Each line of the data below goes into the copy exactly; pictures do not.

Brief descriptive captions
===============
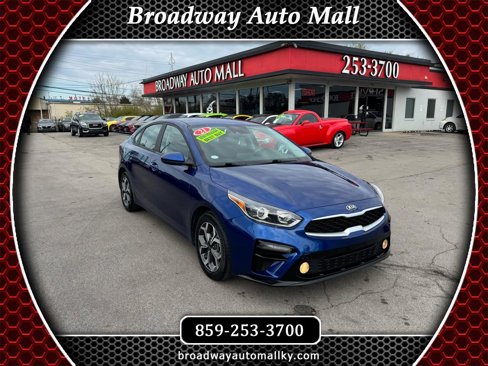 Used 2021 Kia Forte LXS image 1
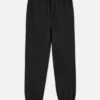 Cuffed leg drawstring joggers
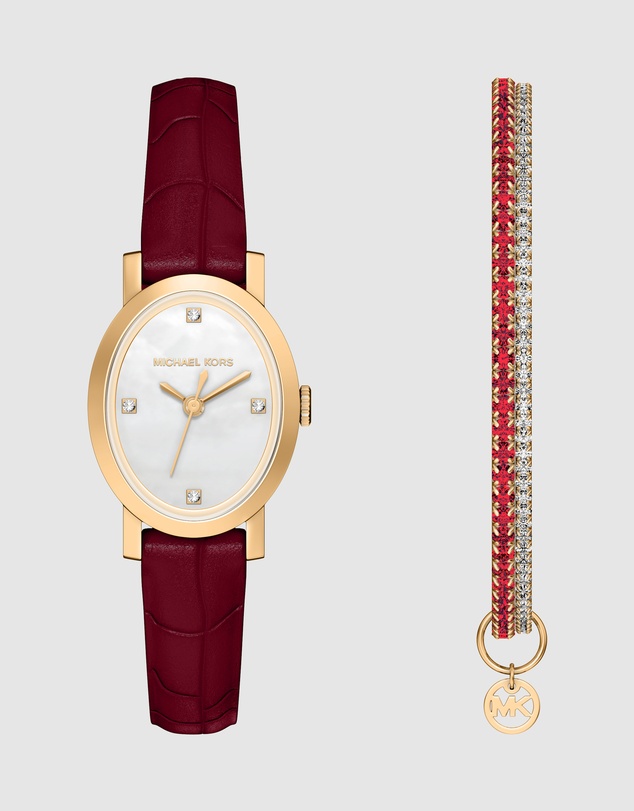 Michael Kors - Maude Red Analogue Watch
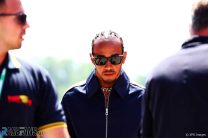 Hamilton says new contract is “very close” but may not sign until end of year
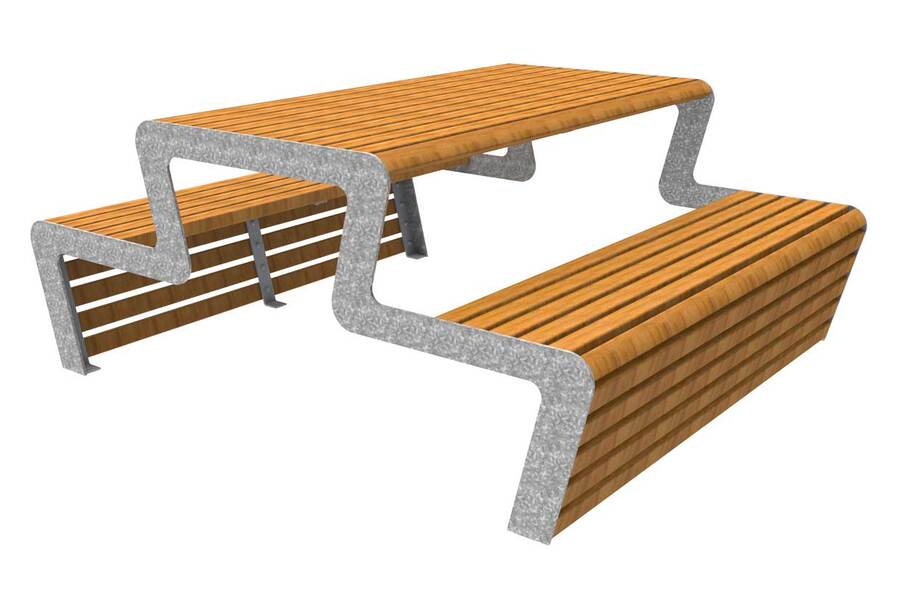 FalcoLinea picknicktafel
===============
Finished exercise:
 Used 2021 Kia Forte LXS image 1
 Cuffed leg drawstring joggers
 Michael Kors - Maude Red Analogue Watch
 Hamilton says new contract is “very close” but may not sign until end of year
 FalcoLinea picknicktafel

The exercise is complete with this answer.